Avoid the crash-for-cash scammers
In the last three years hundreds of motorists have had the same experience; they were driving round a roundabout when suddenly the car in front slammed on the breaks, leaving them no time to stop.
A smart young man got out of the car in front, said words to the effect of "Didn't you see the bike?" or "He came out of nowhere", they exchanged insurance details, and drove off. One such man was Mohammed Patel, 25, from Bolton, who was jailed for four-and-a half years in October for what has been called the 'cash for crash' scam.
But this is far from the end of the story.
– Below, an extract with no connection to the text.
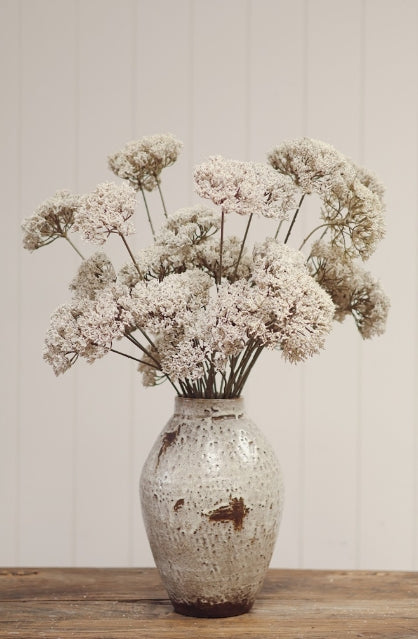 Queen Anne's Lace Spray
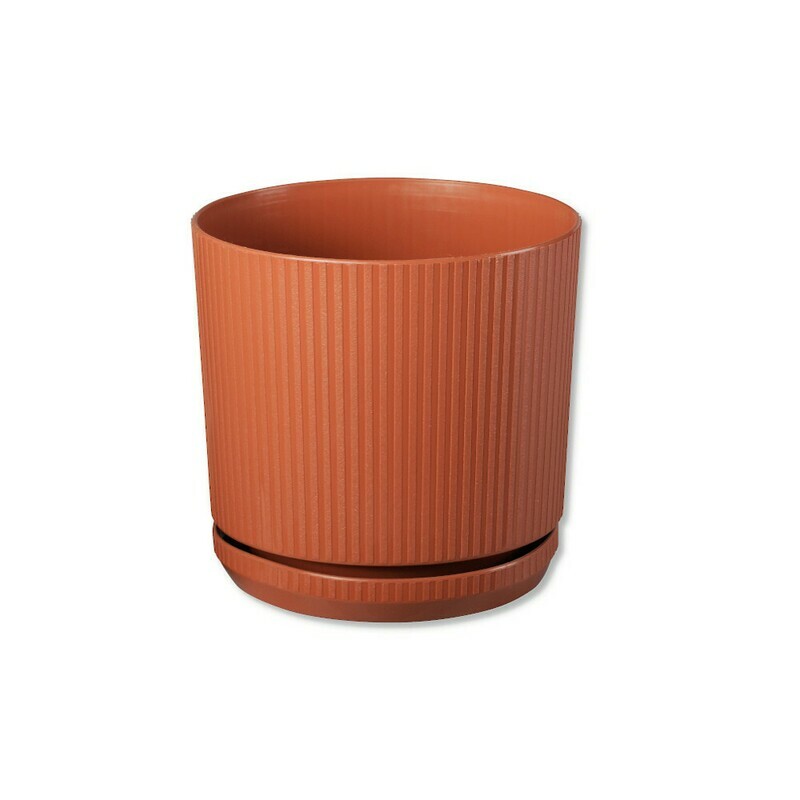 Classic Ribbed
Patel was what is known in the insurance fraud underworld as a 'stunt driver,' paid to cause crashes. He was personally responsible for causing nearly 100 accidents, and made £46,000 from his crimes. But he's not the only one involved.
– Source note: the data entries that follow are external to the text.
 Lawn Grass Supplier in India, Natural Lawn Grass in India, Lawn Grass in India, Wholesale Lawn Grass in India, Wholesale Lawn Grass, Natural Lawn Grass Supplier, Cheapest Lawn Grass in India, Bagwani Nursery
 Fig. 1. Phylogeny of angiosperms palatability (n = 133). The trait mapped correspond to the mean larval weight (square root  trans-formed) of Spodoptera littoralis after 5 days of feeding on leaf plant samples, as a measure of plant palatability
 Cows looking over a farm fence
The process is complex, and makes money for an awful lot of people. Those involved include the owner of the car, and many of Patel's clients are currently awaiting trial. Sue Jones, unit head of the Insurance Fraud Bureau explains: "The starting point is when an individual is ready to get rid of their car.
"They may not be able to afford to get it through its MOT or to repair it, and they want a replacement. There are criminals who will take your car and involve it in some kind of accident. They will then pretend to be you at the scene, hand over your name and insurance details, and allow you to receive a payout and get a replacement car."
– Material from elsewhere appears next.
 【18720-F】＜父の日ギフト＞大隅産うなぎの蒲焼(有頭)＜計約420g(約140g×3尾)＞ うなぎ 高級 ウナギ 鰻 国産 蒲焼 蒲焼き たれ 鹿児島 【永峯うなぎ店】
Other businesses profit from the process, including any solicitors involved in a successful personal injury claim resulting from the crash, car hire companies arranging short-term replacements and car storage companies.
Often there will also be a claims management firm involved, which will take the car owner on as a client and make money by referring the case to all these associated businesses. Jones adds: "If there were several people in the car and they all make personal accident claims they could easily make over £3,000 in referral fees for the crash."
These firms may be unaware of the fraud, although individuals at one or more of them may be involved.
Jones would not comment on whether the claims management firm was likely to have been acting in good faith, whether individuals within the firm were aware of the fraud, or indeed whether anyone linked to a claims management company recruited the stunt drivers themselves.
We do know, however, that some individuals working for a claims management firm have been arrested.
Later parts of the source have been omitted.